NM: Yes. Rogue Wave says their implementation is now thread safe. I don’t know if Microsoft is now faster. I haven’t tried it. The other major area where they tend to differ is in memory management. The HP had fairly rudimentary memory management. And the Rogue Wave/Plauger/Microsoft implementation made some changes to that that weren’t necessarily improvements. The current SGI implementation does quite good memory management. But, I don’t know how much of that has been copied to the other ones. So generally you’ll get best results if you don’t use the one that is built in to your compiler and instead go out and get the SGI one.

NM: They are all pretty much pretty well there as far as what the standard requires. Some of them have various extensions. The biggest outstanding problem they have is that it is not always clear what is an extension and what is really standard. I am working with Matt on the SGI implementation to make sure that everything that is not standard is marked as being not standard. Now, it may be that in another five years, in later version of the standard, some of these features will be adopted. But probably a lot of them wont. And it’s a good idea to know which things you are using are actually standard.

NM: There is an ongoing project to replace the C++ library that comes with the egcs compiler. The current version shipping with the egcs compiler is the same one that has been going out for two or three years.

NM: Well the standard library includes a lot of things. It includes the STL, it includes IO streams. It includes a string [class], it’s got some numeric features complex and valarray. The standard library is quite a lot more than the STL.

The current egcs compiler ships with what can accurately be described as an obsolete version of the library. Cygnus has the goal to have a standard library.
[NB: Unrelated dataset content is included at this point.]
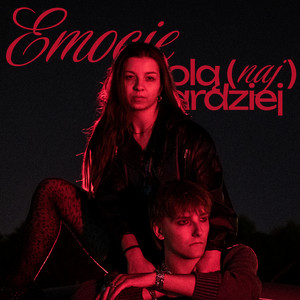 Emocje bolą (naj)bardziej by FVBIVN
NM: The project has the goal to produce a complete, conforming standard C++ library. And we have begun by adopting the most current SGI STL and we’ll be keeping up with that. Along with that is, of course, the conforming iostreams. Gabriel Dos Reis contributed a valarray implementation. This is an open free software project, what is now called an open source project.

TNC: GPL?

NM: It’s actually not GPL. It’s on a looser, a freer licensee than that. Which means that any company that wanted to adopt this library as their standard library would have the right to do that and also distribute locally modified versions of the library.

TNC: Specifically what parts are you working on? What difficulties do you encounter implementing some of the specifications that you and other people on the committee put into the standard?

NM: Well, it’s not very hard to write a fully conforming library. It’s a lot of work. But, it’s being done. The next stage is in writing an optimal library. A library that doesn’t impose unnecessary overheads on user programs. And so that’s where most of the effort is going. [Making sure] that a fully conforming fully flexible iostream is just as fast as standard IO in a mature C compiler or in a mature C library and produces executables that also are not substantially bigger. That is going to be important to Cygnus in particular because it’s heavily involved in the embedded systems industry.

NM: Well the standard C++ or the C++ standard describes what has to be in all systems. There is an awful lot of systems that don’t have a network socket and don’t understand what a network socket is. The description of operating system facilities is something that has generally been undertaken by POSIX. This typically starts with an ISO standard and then gets extended with various facilities for memory management, sockets and files.

NM: Now that there is a standard, the other standard groups can reference it and make bindings for operating system interfaces. So you could see, you could start to see POSIX standards defined in terms of C and C++ interfaces, optimized for C++ systems, at the same time. Instead of defining a function to create an object and another function to destroy it and another function to operate on it, the standard could actually have a class definition in it with destructors or with constructors and a destructor.

Now that we have a standard, you are more likely to see a variety of commercial and freeC++ libraries.

The opportunity for doing really powerful C++ libraries is outstanding. There are things you can do in C++ that just really aren’t practical to do in other languages. And I can give you an example. You have seen regular expression libraries in C. These regular expression libraries are always designed to work over only a particular kind of character, a particular kind of sequence, usually a pointer, a regular C array or a file stream. And the way that they present the results is fixed. You only have one way of looking at what you’ve got, and this makes them really hard to use.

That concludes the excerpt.